The night I got afraid of my cough, I realized the size of my panic. Too much negative information didn’t make me better prepared. It just increased my helplessness. It wasn’t useful for my family either. My daughter started to show symptoms of anxiety. She looked for comfort in her mom, but mom was too self-absorbed checking the news. In other words, I was ruining our lives in isolation by being afraid of things I couldn’t control.
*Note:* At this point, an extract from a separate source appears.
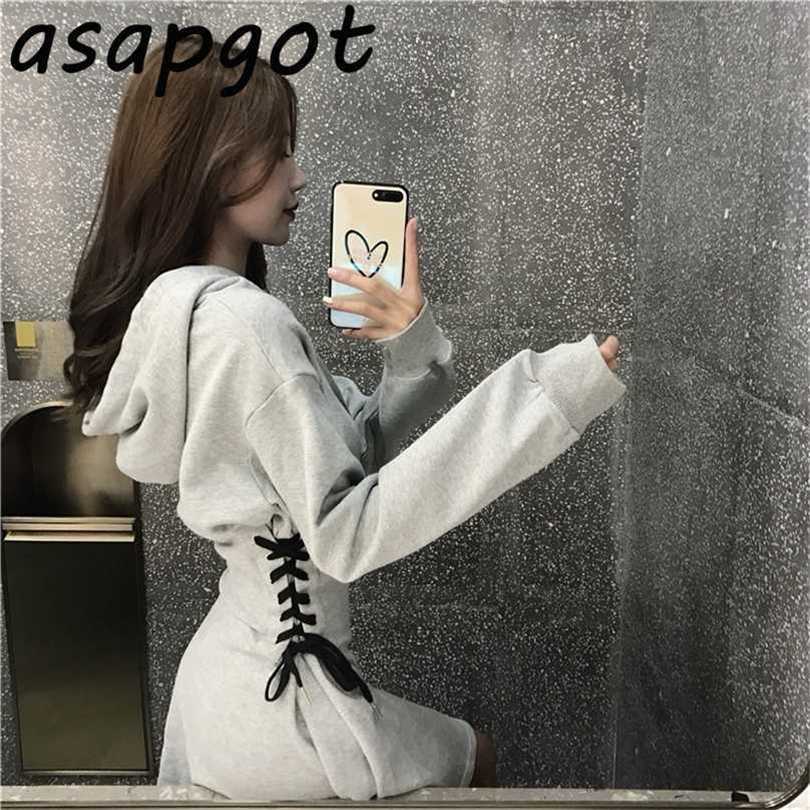 Cotton Grey Hooded Bandage Hoodies Dres Mini Lace Up Waist Black Sweater Chic Casual Autumn Winter Vestido Loose 211109
Cotton Grey Hooded Bandage Hoodies Dres Mini Lace Up Waist Black Sweater Chic Casual Autumn Winter Vestido Loose 211109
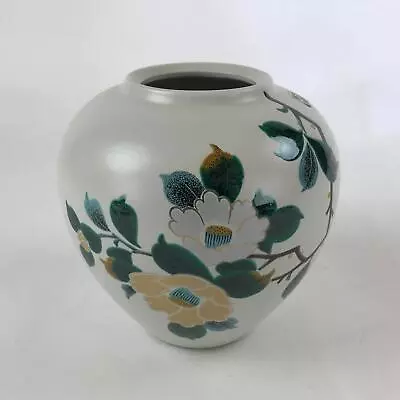 Buy Japanese Kaga Kutani Ware Round Vase Vtg Kabin White Camellia Flowers Box PX704 • 57.50£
That night I activated my “ignore” button. I filtered the data I consumed: Check the news once a day. Don’t take it personally when your panicky friend sends you catastrophic messages. She neither has to leave her home for a month nor comfort children who need to go out despite the 62-hour lockdown.
I found freedom in house chores. I’d wash half the dishes and then stop because I didn’t want to wash anymore. I would read while cooking. I made cherry cakes and margarine tub boats with the kids. We drew stories and hammered nails on the balcony. We called their friends for online playdates. It wasn’t the time of my life, but no one was in anguish anymore. When they finally “unlocked” us, I taught them how to ride a bike and rollerskate in the empty campus. We’d stroll uncrowded streets for miles, our rucksacks filled with sandwiches, water, and sanitizers.
There is always something you can do to feel a bit better, even when you’re trapped inside. Put on a straw hat, take a book, and sit by the window — soak up the sun. Accept the situation and fill small gaps of misery with your tiny actions. You have a choice even when your hands are tied.
#3 Focus on What You Can Do

I started enjoying the good sides of lockdown. Life slowed down. There was no rush to be somewhere in less than 13 minutes and a half. Throughout the day the kids and I drew pictures on toilet paper. We planted orange seeds and threw picnics underneath our kitchen table.
In the evening I’d listen to finches in front of our building. The nearby highway was dead silent and the city air smelled of wildflowers. When I got the kids to bed, I would do grownup stuff to distract my negative thinking: a Yale course on well-being. I read how simple habits of slow living lead to happiness. I decided to test kindness and joined a charity group. I started selling my stuff to donate money and got addicted to the endorphin from helping others and getting rid of things. A new practice I discovered amid the pandemic turned into my feel-good habit.
Pandemic also helped us pay out the mortgage. We redirected our travel money to our bank loan. We became debt-free three years before the end of the loan.
If you have enough to make ends meet, choose how to arrange little pieces of your life within the walls. Bad situations often hide good outcomes.
Conclusion:
I love to bask in comfort. I never thought I could fight huge unpredictability. But desperate times activated my healthy stubbornness and I saved myself from my negative self. I spontaneously came up with simple tools to protect me from the harshness of the world:
- Accept the bad because it happens to everyone. The pandemic has happened to all 7.6 billion of us.
- Ask yourself if your actions help you or hurt you even more. Don’t go down the road of self-destruction. Filter. Everybody has a certain amount they can take. Don’t go over your limits.
- Focus on what you can do to create a more comfortable reality. Flowers can grow at every crack of concrete if there is a tiny piece of soil in it.
I know I was privileged enough: My partner didn’t lose his job, my parents didn’t get sick. Still, the pandemic was a hard tribulation for everyone. I suffered but didn’t break down. I’ve realized the power these little thoughts have on my well-being. And I’m willing to strengthen them even further. There is always something you can do. You always have it in you.